■ ENTRIES SUPPLIED ■
=== Begin Enclosure ===
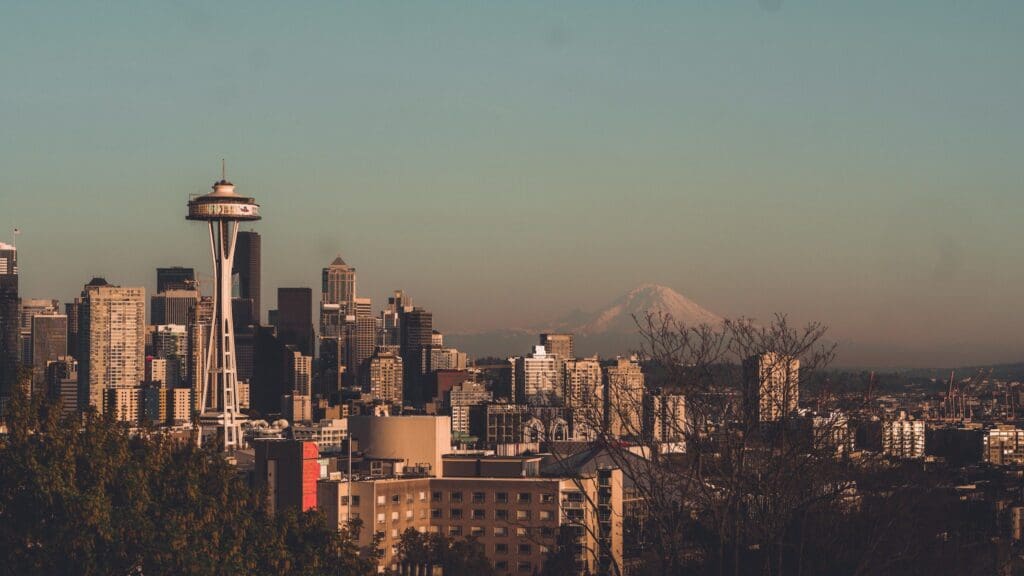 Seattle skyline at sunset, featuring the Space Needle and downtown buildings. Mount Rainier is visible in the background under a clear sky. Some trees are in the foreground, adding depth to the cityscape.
=== End Enclosure ===
=== Begin Enclosure ===
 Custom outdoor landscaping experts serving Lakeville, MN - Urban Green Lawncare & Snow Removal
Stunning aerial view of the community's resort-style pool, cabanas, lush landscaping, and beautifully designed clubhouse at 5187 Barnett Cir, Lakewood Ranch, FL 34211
=== End Enclosure ===
■ WHAT THE TASK ASKS ■
Return only the lines between the one holding "Custom outdoor landscaping" and the one holding "Stunning aerial view", inclusive, exactly as they appear above.

■ EXERCISE OUTPUT ■
 Custom outdoor landscaping experts serving Lakeville, MN - Urban Green Lawncare & Snow Removal
Stunning aerial view of the community's resort-style pool, cabanas, lush landscaping, and beautifully designed clubhouse at 5187 Barnett Cir, Lakewood Ranch, FL 34211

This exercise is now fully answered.